In the push request handling cycle, validators are responsible for executing push transactions that made it into a block and have the required minimum endorsements. Validators update the repositories network state to match the one described in the endorsed PushNote.

On each TxPush received:

  1. The Validator must check the push transaction.

    1. Must ensure the push note is valid.

    2. Must ensure push endorsements are present and valid.

  2. The Validator must add or updates reference state and nonce on the target repository.

  3. The Validator must deduct fees.

Basic Protocol Economics

This section briefly describes the economic concept of the MakeOS network

Native Currency

MakeOS has a native currency known as Latinum. It exists to serve as the base currency for paying fees, staking in various governance processes and for preventing Dilithium from decaying rapidly. It provides a means for the protocol and users to price and pay for network services and ultimately provide security to the network via validator and host staking. There will be a total initial supply of 150,000,000 (150 Million) coins at launch and a 3.5% yearly inflation until the supply reaches 700,000,000 (700 Million).

Use case:

  • Network security via validator & host staking.

  • Spam prevention via fees.

  • Unit of account and Medium of exchange within the network.

  • For incentivizing network participants for their contributions.

  • Halting Dilithium decay rate via anti-discharge staking.


Batteries (a.k.a Dilithium) are synonymous to gas on Ethereum, but they take a more tangible form on MakeOS. They are mined via proof of work and stored in a Balance Account.

Some examples of operations that will require Dilithium:

  • Block validation.

  • Endorsement creation.

  • Push operation (optional).

  • Native repository coin generation.

Dilithium is different from the native currency in the following ways:

  • It decays over time.

  • Decay rate can be slowed down via staking Latinum.

  • Unlike Latinum which is just a balance of an account, Dilithium is based on the UTXO-like model.

They are mined by:

  • Proof of work miners

  • Pushers via pre-push proof-of-work.

Repository Coin

A Repository Coin (or RepoCoin) is a native coin for a repository. It is issued by repository owners.

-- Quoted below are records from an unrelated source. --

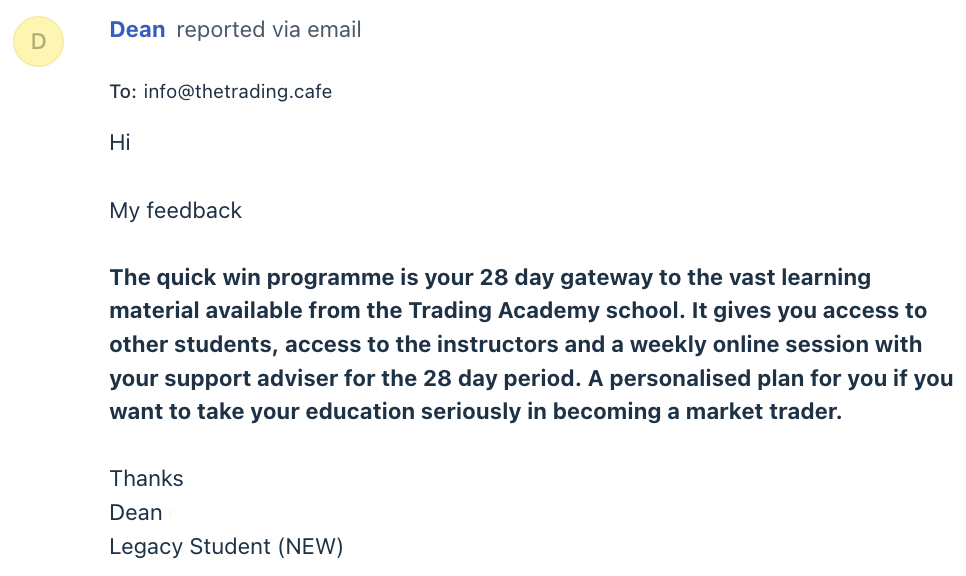 Email from Dean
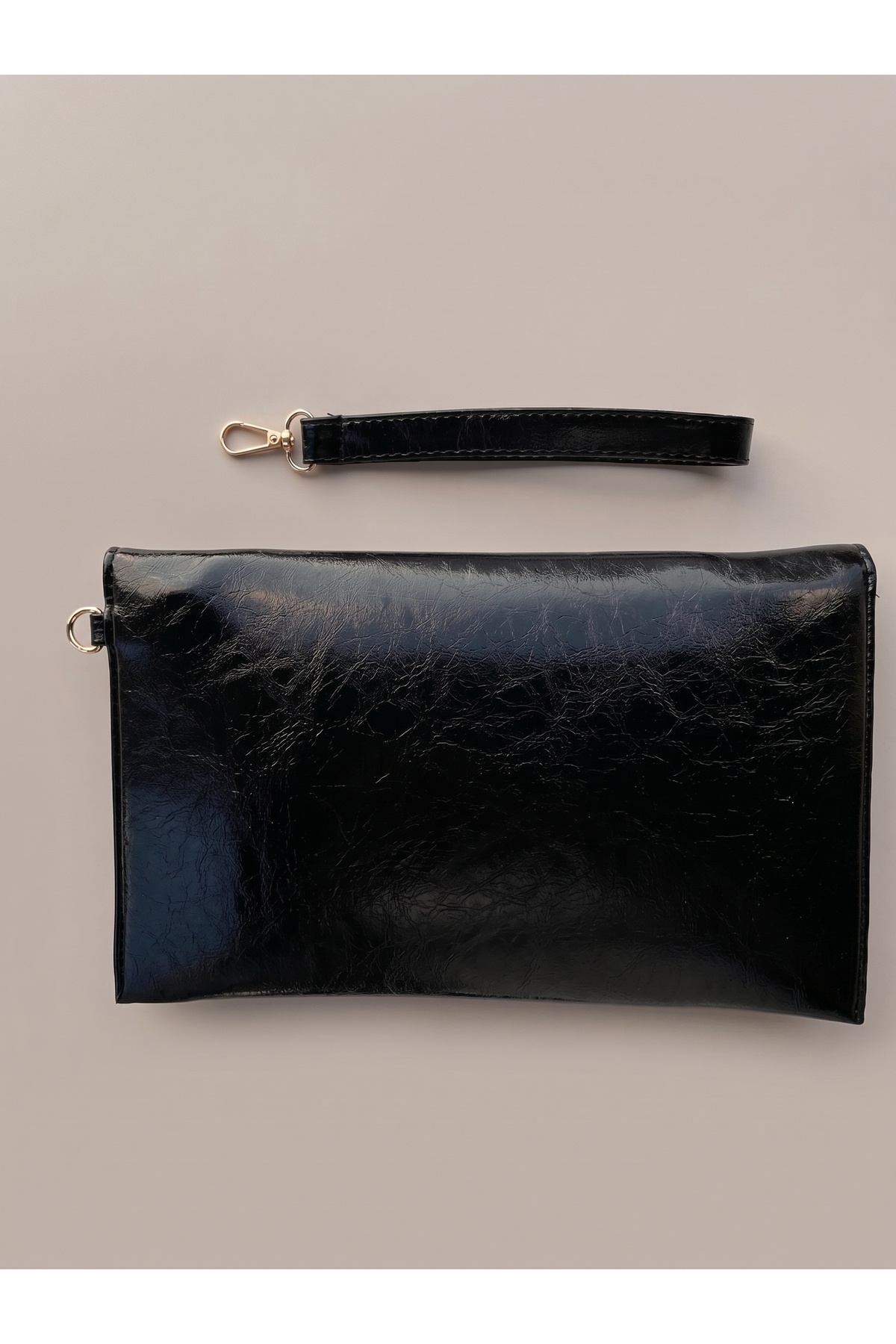 Vagoni Siyah Klasik Gece ve Davet Çantası Mıknatıslı Abiye Zarf Çanta (30x19cm) görsel 4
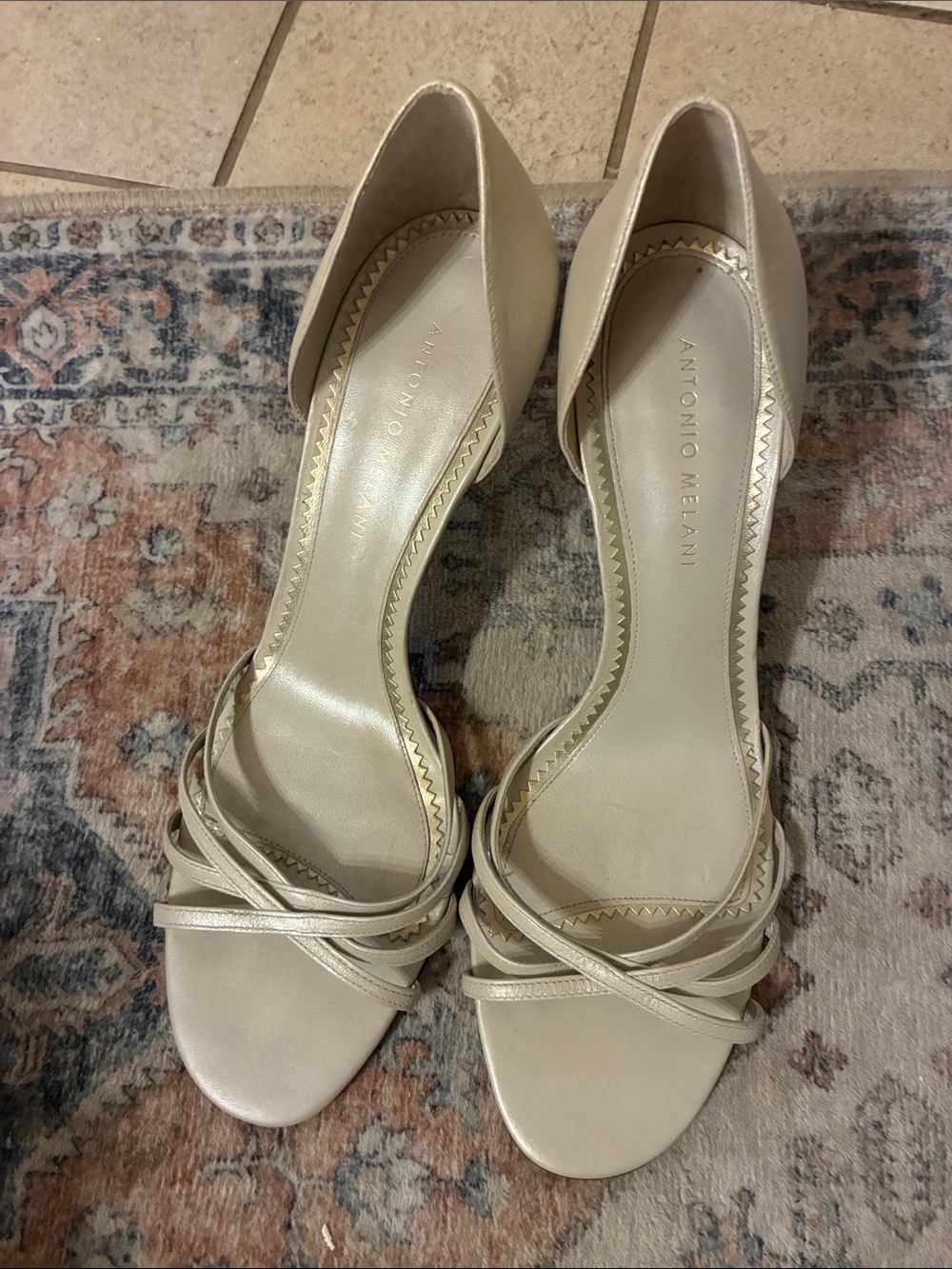 ANTONIO MELANI‎ Cream Strappy Open-Toe D'Orsay Heels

They have similar properties of Ethereum’s ERC-20. They are fungible and can be transferred from one account to another.

Repo coins can be generated via a pre-mine or through the burning of Dilithium.

Like Latinum and Dilithium, Repository Coins can be stored in a Balance Account or transferred between accounts.

Consensus Mechanism

MakeOS is built on Tendermint Core. Tendermint is a fast, BFT consensus engine that can tolerate 1/3 of connected machines failing. A major quality of Tendermint is its fast finality - Once a block is processed, all transactions included in the block are considered finalized. There is no need to wait for confirmations like Proof-of-work chains.

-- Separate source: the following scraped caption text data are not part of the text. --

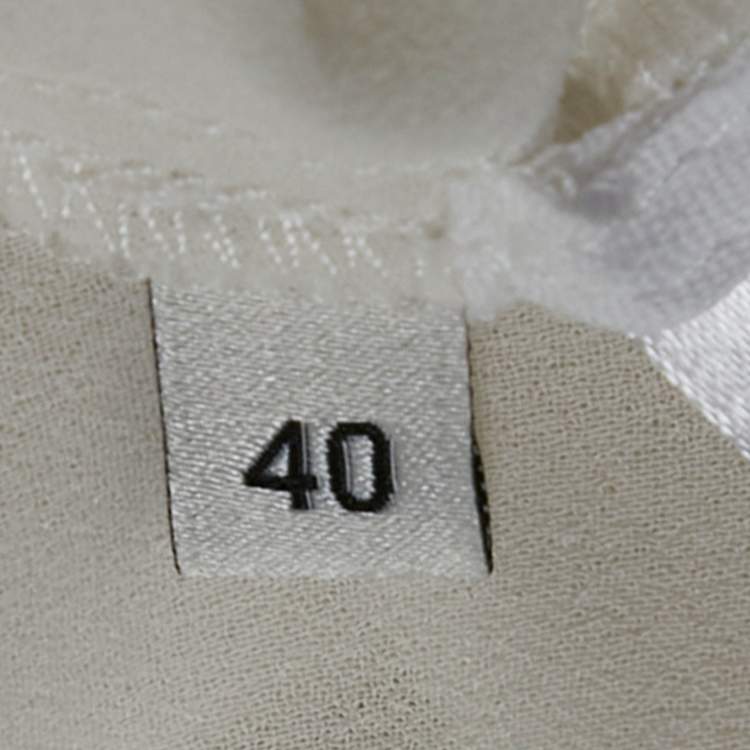 Pre Owned Elisabetta Franchi White Chiffon Plunging Neck Bodysuit S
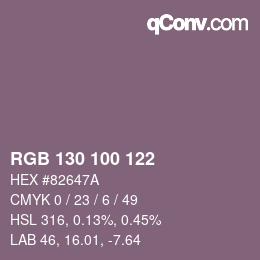 颜色代码: RGB 130 100 122 | qconv.com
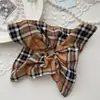 Goma de pelo cuadrada de cuadros retro para Otoño e Invierno, Mismo estilo que la Bloguera, Accesorio de pelo de alta gama para chica, Goma para coleta baja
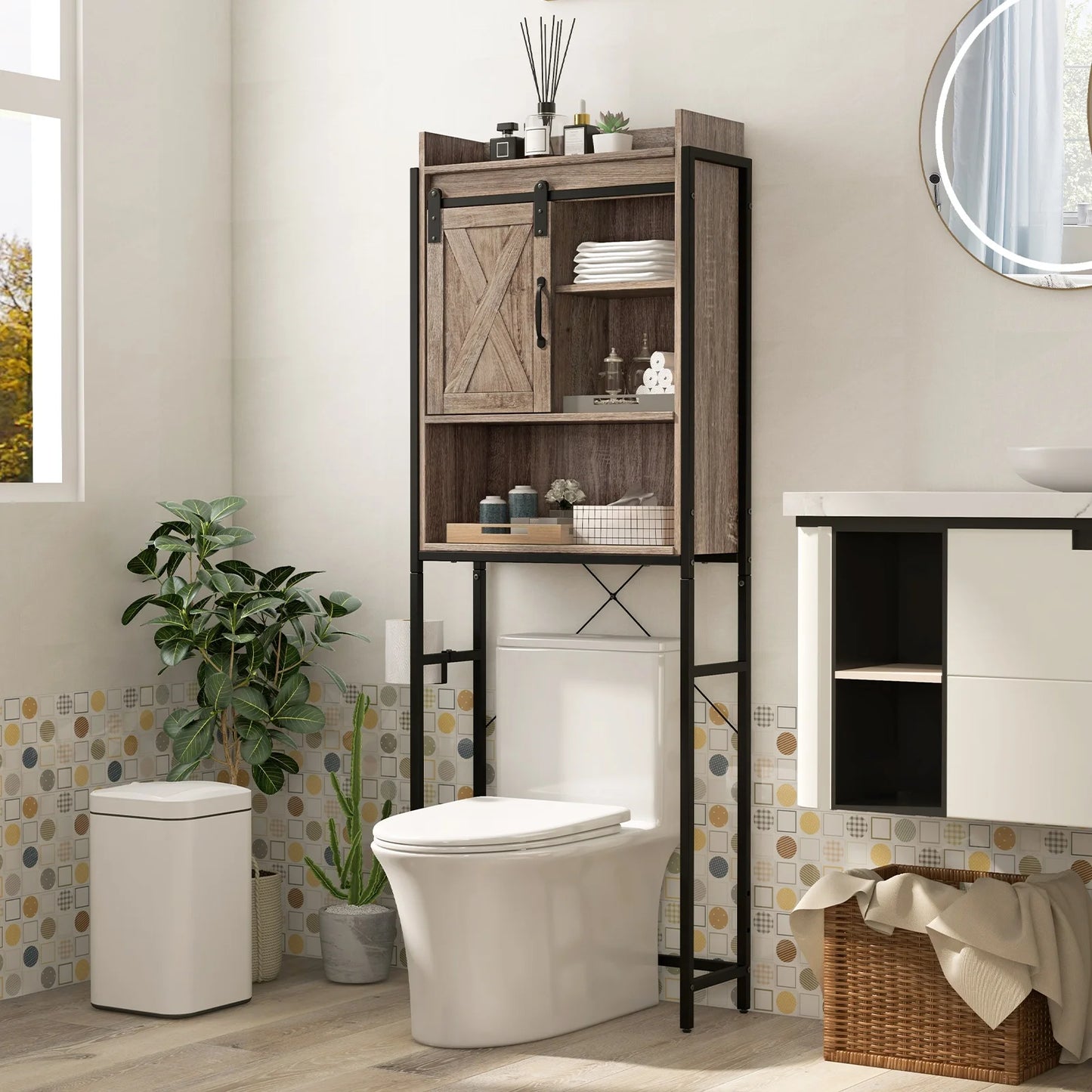 Topbuy Over The Toilet Storage Cabinet 4-Tier Bathroom Organizer w/Adjustable Shelves Sliding Barn Door & Toilet Paper Holder Rustic Brown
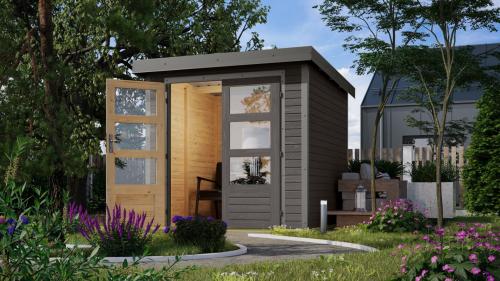 hybridní domek KARIBU JUPITER 2B (12285) terragrau / sv. šedá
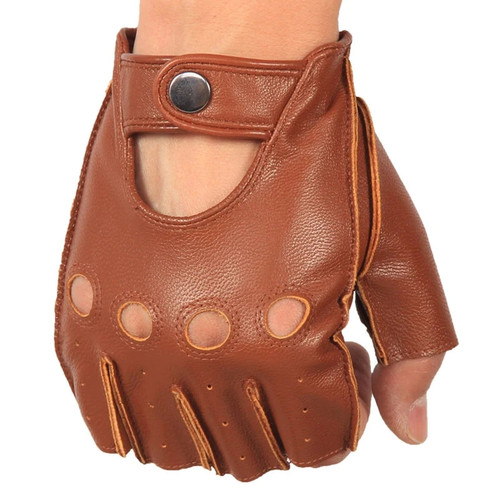 Men Half Finger Real Leather Gloves Driving Unlined Sheepskin Fingerless Gloves Fingerless Gloves Fitness Gloves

On MakeOS, fast finality is important because it guarantees that when a push request is made, it will not be reversed. Developers do not have to wait beyond the first block to be certain that their push operation was successful. On a proof-of-work chain, the possibility of a block re-organization means that a push operation may be reversed, requiring developers to re-push.

MakeOS leverages on proof-of-stake to provide Sybil protection. It requires all nodes participating in block creation to lock funds that may be slashed when bad behaviour is detected.